Zu den verschobenen Wahrnehmungen würde sich auch ein kleiner Exkurs in Sachen Feinstaub anbieten. Die ersten drei Tage meines Aufenthaltes inmitten der Hauptstadt der Volksrepublik konnte ich vor lauter Smog ab einer Entfernung von schätzungsweise 200 Metern nur mehr die Umrisse von Gebäuden sehen. Als dann endlich ein ordentlicher Wind durch Peking fegte und Gebäude für das menschliche Auge in all ihren Konturen und Facetten sichtbar wurden, dachte ich mir, ich bin in einer anderen Stadt aufgewacht. Da passiert durch die Inaktivität der Behörden in Sachen Umweltschutz eine legalisierte Folter an Menschen in millionenfacher Form tagtäglich! Aber zurück zur ungeregelten Speichelabgabe, die mich, Sie merken es, wirklich beschäftigt und in die südchinesische Stadt Guangzhou geführt hat. Dort wurde vor ein paar Jahren ein Punktesystem auf Probe eingeführt, um den Sittenverfall zu stoppen. Mich wundert ehrlich gesagt, dass die Grünbewegung als politische Speerspitze der menschlichen Bevormundung in unseren geografischen Breiten diese, für mich ausnahmsweise mal nachahmenswerte, Initiative noch nicht entdeckt hat. Aber das liegt vielleicht daran, dass beim Blick über den Tellerrand hinaus zuviel CO2 ausgestoßen wird und die permanente Innenbeschau daher umweltverträglicher ist. Wie auch immer, die dortigen Stadtväter haben sich ein Regelwerk für Manieren überlegt. Jeder Bewohner von subventioniertem Wohnraum geht dort mit 20 Bonuspunkten an den Start. Insgesamt sind 29 Verfehlungen im behördlich festgelegten Sündenregister der Heimatstadt des zweimaligen Pokerweltmeisters (1987, 1988) Johnny Chan angeführt, die zu einem Punkteabzug und im schlimmsten Fall zum Wohnungsverweis führen können.
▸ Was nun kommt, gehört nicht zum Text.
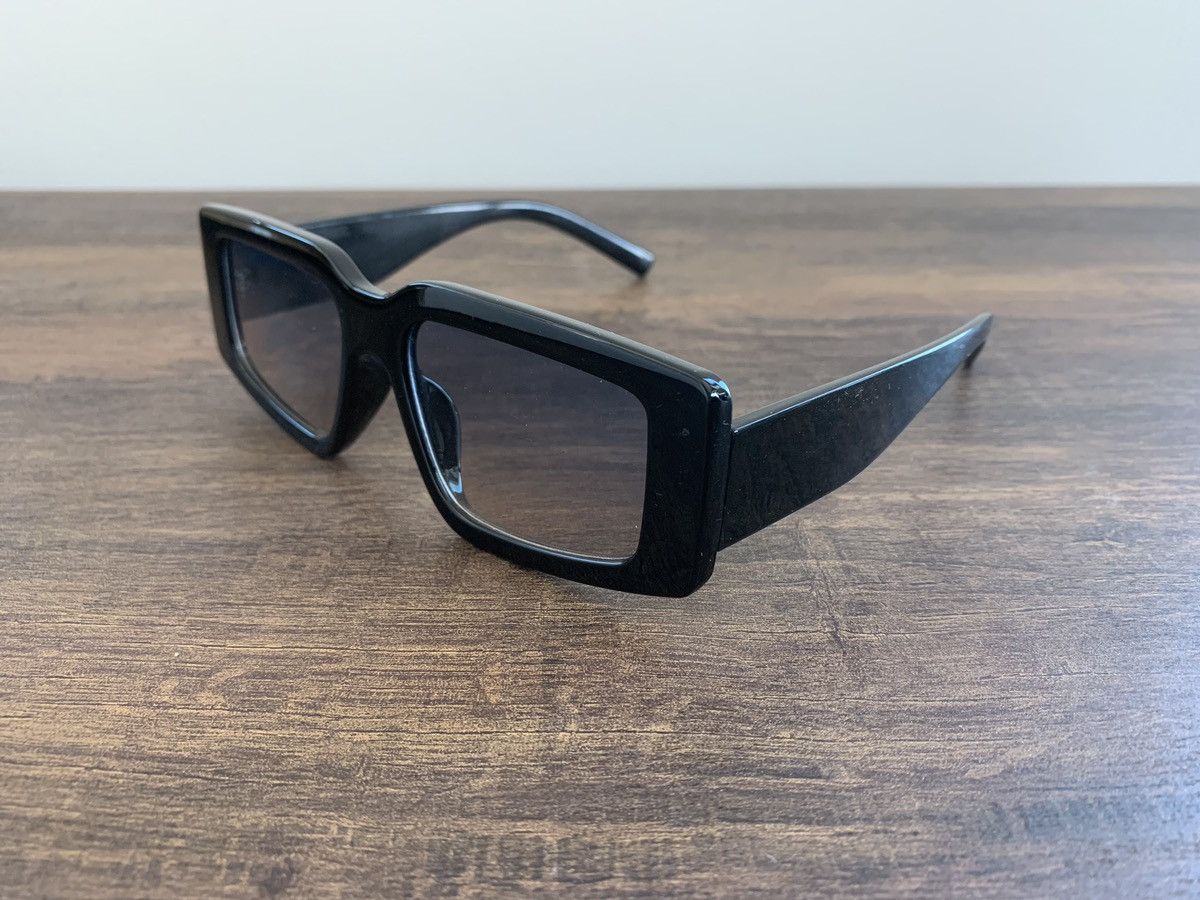 Vintage black sunglasses for men and women Size ONE SIZE - 3 Thumbnail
Wer innerhalb von zwei Jahren zu oft einen Kaugummi achtlos auf die Straße wirft und dabei erwischt wird, hat 3 Punkte am Konto weniger, wer in der Öffentlichkeit pinkelt wird ebenso geahndet, wer sorglos vor sich auf Gehwegen hinspuckt auch, und wer Zigarettenstummel umweltschädlich entsorgt kann sich ebenfalls einer Reduktion des Wertekontos sicher sein. Wer beispielsweise Müll aus dem Fenster kippt, wird mit 5 Minuspunkten auf der Habenseite gezüchtigt. Noch drakonischer wird die unsachgemäße Lagerung von giftigem oder explosiven Material verfolgt. “Das Punktesystem sei entwickelt worden, um eine zivilisierte, hygienische, sichere und harmonische Umgebung zu schaffen“, teilte das Büro für Landressourcen und Management der Stadt Guangzhou auf seiner Internetseite mit. Und wer binnen 2 Jahren 20 Punkte gesammelt hat, der muss seine Wohnung räumen. Ob der Verordnungsentwurf nach der Probezeit in die Realität umgesetzt wurde, konnte ich nicht in Erfahrung bringen, aber ich würde eine derartige Initiative bei uns begrüßen. Jetzt mag es kulturell bedingte Verhaltensformen geben, die eine offene Gesellschaft anerkennen sollte, auch wenn mir das bei den erlebten Spuckorgien zugegebenermaßen schwer fällt. Aber bei vielen anderen die Umwelt- und Staatskassen belastenden Verhaltensweisen fehlt mir immer mehr jedes Verständnis. Weshalb darf jeder Schwachsinn bei uns reglementiert und mit Abgaben belegt werden, weil es ja keine Steuererhöhungen gibt, aber das 1 x 1 des Benehmens darf nicht besprochen werden. Wieso muss ein Teil der Steuerzahler in Zeiten immer knapper werdender Kassen so viele Ferkel, die keine Kinderstube haben, subventionieren? Dafür gibt es weder soziale, noch kulturelle, noch geografische Rechtfertigungen! Oder um im Sinne des bevorstehenden Osterfestes mit der mahnenden Stimme des Schweizer Aphoristikers Walter Fürst zu argumentieren: “Auferstehung ist nicht billig – erspar dir die Spesen der Hauptprobe.”